Nine of 10 students who own a smart phone use the device to access the internet, according to the Ball State survey, conducted by journalism professor Michael Hanley, director of the university’s Institute for Mobile Media Research.
The use of smart phones on college campuses doubled between 2009 and 2010, according to the institute’s research.
The campus library application also could be useful in tracking book circulation data, budgets numbers, and a host of other information that would be most convenient in one location instead of a dozen databases that take hours to sift through.
“The bottom line is that the libraries recognize the need to understand who is using their resources, and where they should focus their budget,” said Brett Jackson, CEO of LogiXML.
Book collecting and inventory – the efficient way
Linda Moore, director of career services at Eastern Illinois University (EIU) in Charleston, Ill., said the campus library used to hire extra help to check in more than 80,000 volumes of books each semester, and two employees would take about two and a half days to record inventory of every textbook in the library.

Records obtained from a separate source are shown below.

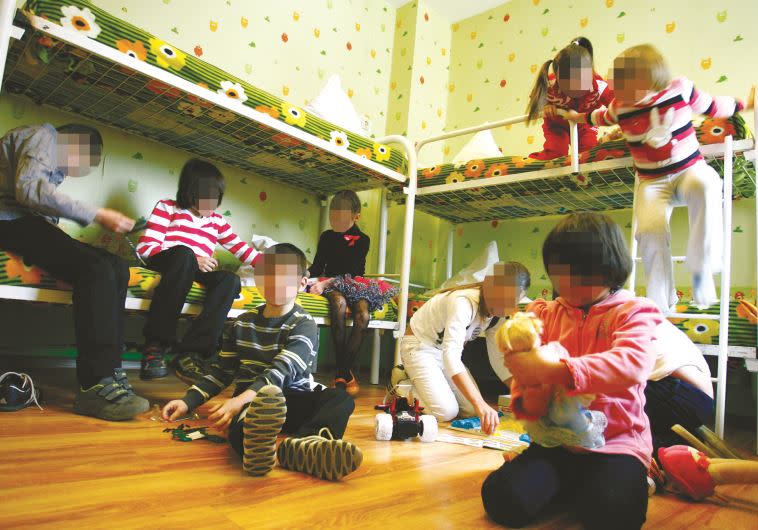 ילדים בבית אומנה. צילום ארכיון: רויטרס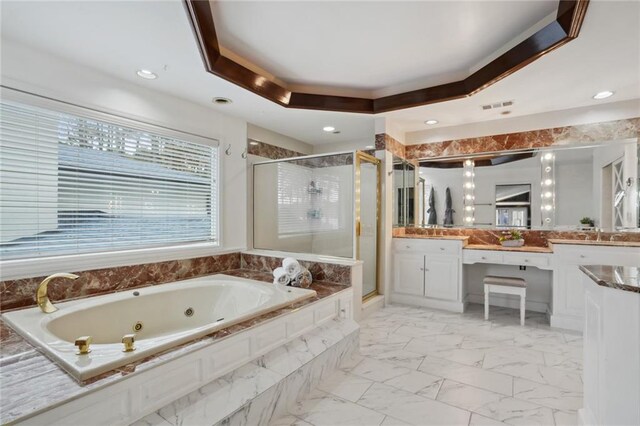 bathroom with a raised ceiling, vanity, and independent shower and bath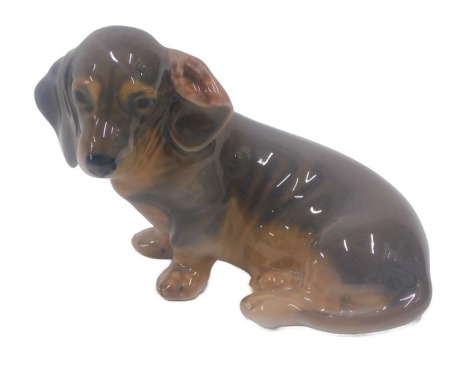 A Royal Copenhagen porcelain model of a seated Dachshund puppy, number 140, 12cm long.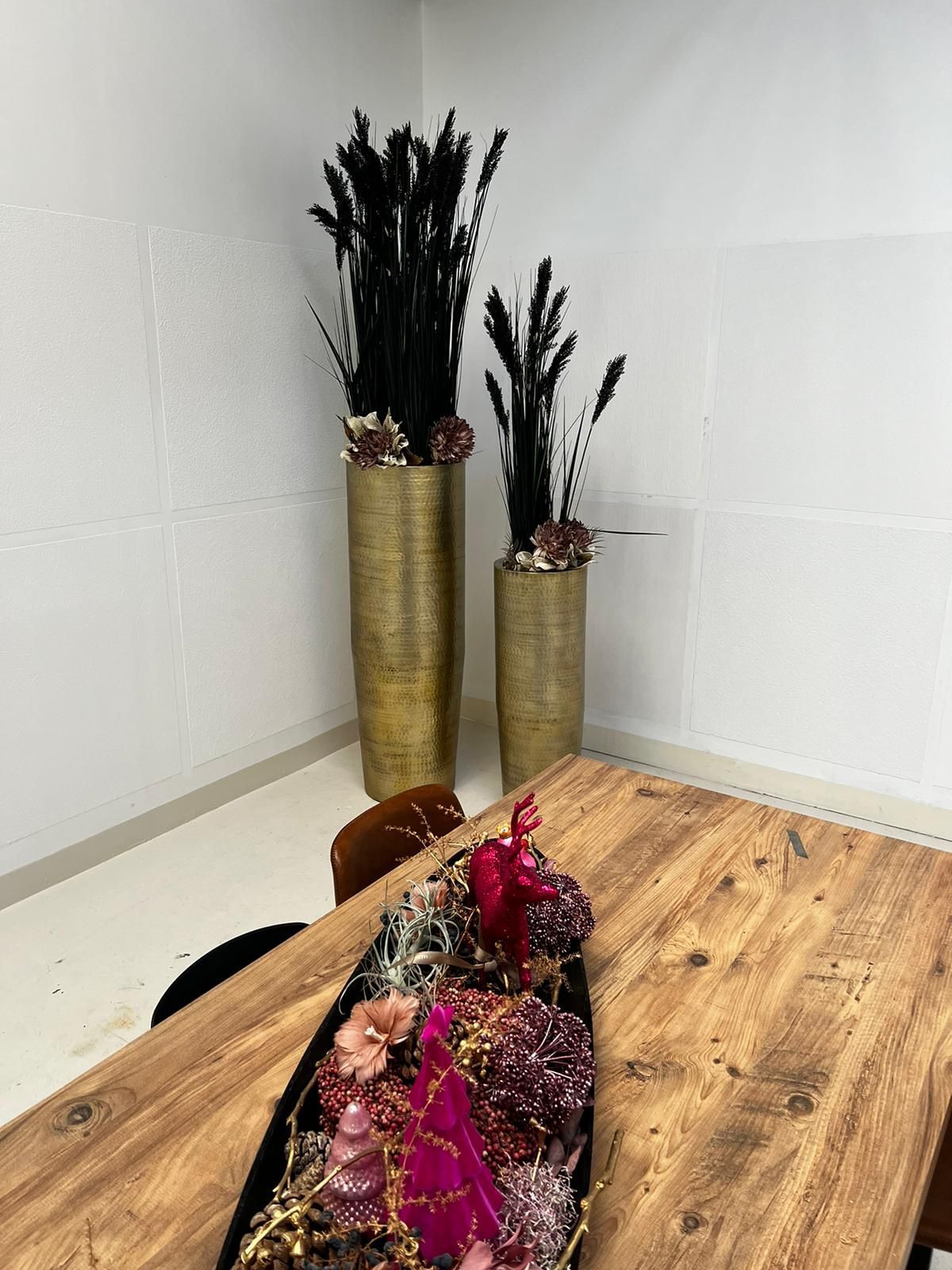 Ein Holztisch mit zwei Vasen voller Blumen darauf.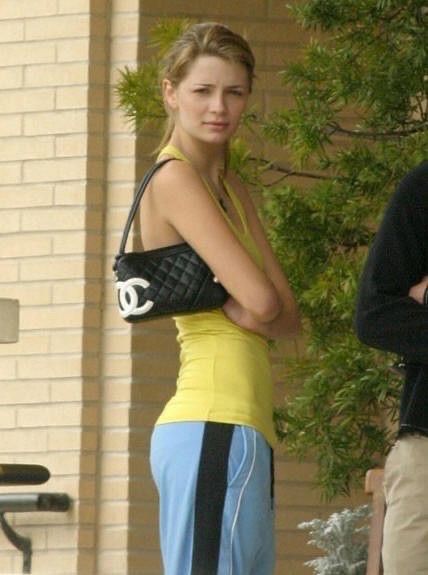 Woman in yellow top and blue pants holding a black handbag with a white logo, standing outdoors.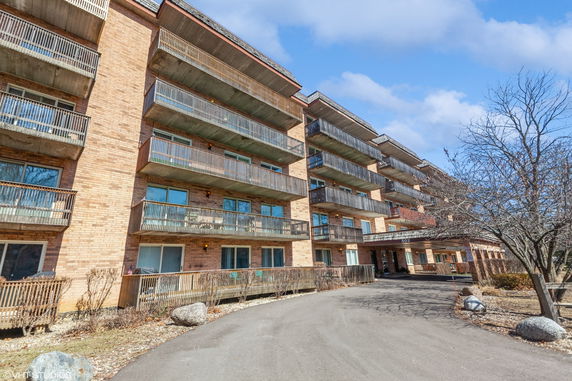Front view of a multi-story building with multiple balconies and a brick facade.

“It was a lot of labor,” Moore said. “It always looked like a little ant farm.”
Taking EIU’s inventory now takes a couple hours, she said, thanks to a system called Ultrasort, made by Minnesota-based TechLogic. And students no longer have to stand in line for 45 minutes during peak textbook return hours. They’re in and out in 15 minutes.

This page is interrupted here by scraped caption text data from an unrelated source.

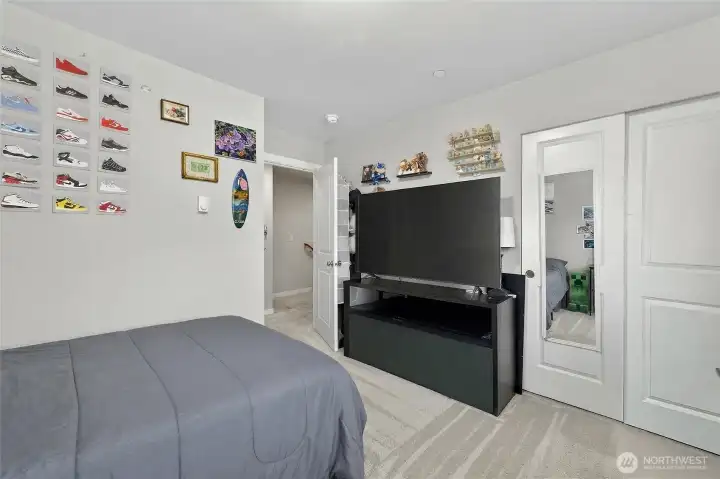 Sun-filled 3rd floor bedroom with large windows and a peaceful, retreat-like atmosphere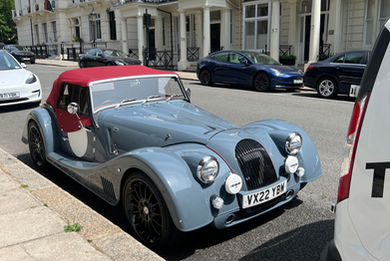 Small blue car parked on street after exterior wash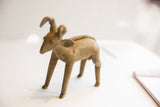 The rustic, handmade form of a vintage African ram sculpture, seen from a side angle.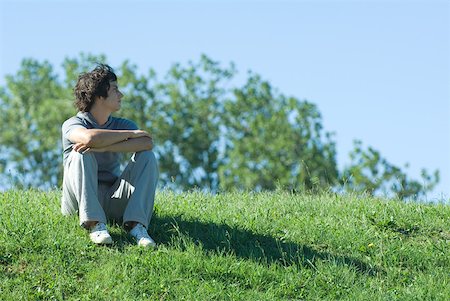 simsearch:633-01574151,k - Teen boy sitting on grassy hill, relaxing Stock Photo - Premium Royalty-Free, Code: 633-01715252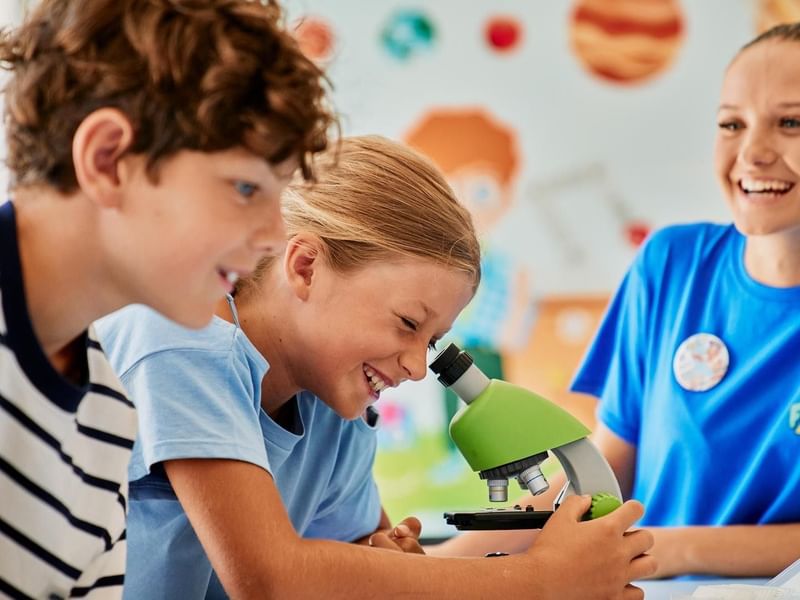 Tre bambini guardano attraverso un microscopio verde in una stanza colorata.
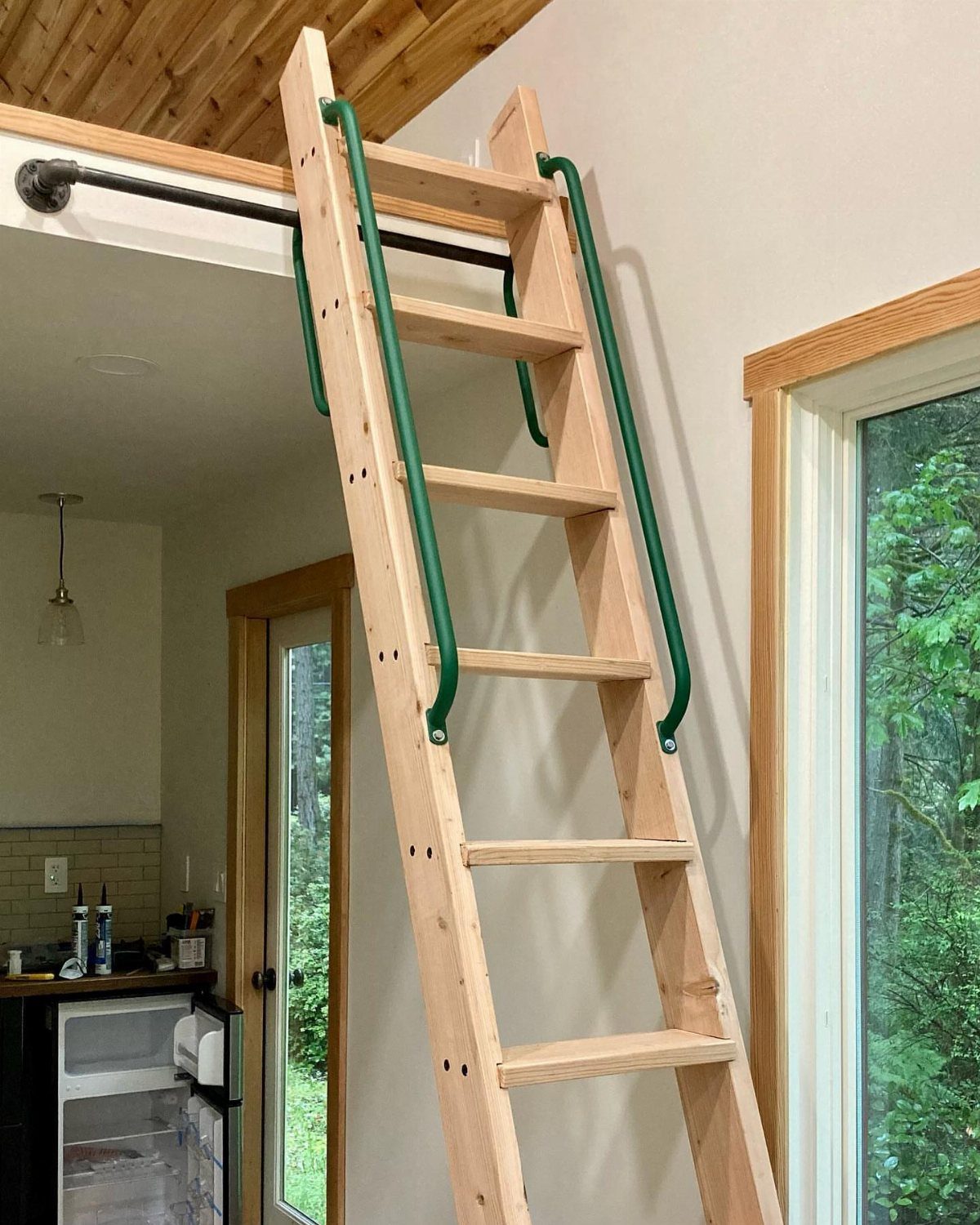Wooden loft ladder with green metal handrails leading to an upper level.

The university is one of only a few in the country that has its own textbook rental service, although many campuses use third-party book rental companies, and popular websites like Chegg and BookRenter save students hundreds each semester.
The Ultrasort system automatically checks in students’ books when they drop them into one of nine collection bins that can only be accessed with a student ID.

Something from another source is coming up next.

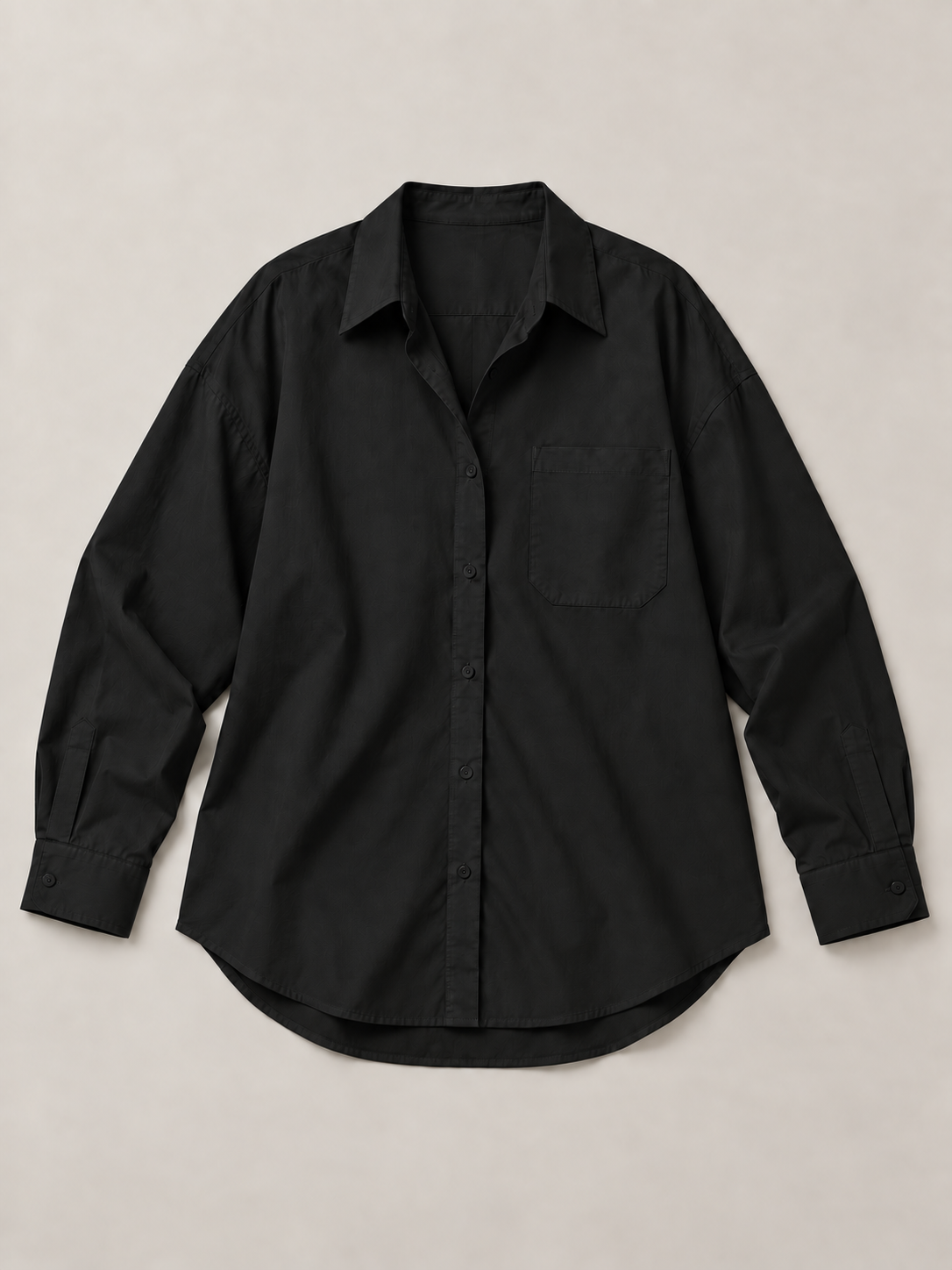 Black oversized button-up shirt, flat front showing the single chest pocket and curved hem.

Inventory is made easier because Ultrasort comes with electronic checkout pads that scan the radio-frequency identification (RFID) of each textbook. This means many books can be checked in and out of the EIU library at once, rather than library staff members entering the textbook information one at a time.
Moore didn’t disclose how much the university spent on the Ultrasort system, but she said EIU’s savings would be “in the five figures” with the new technology. The university is the first in the country to use the Ultrasort system, according to TechLogic.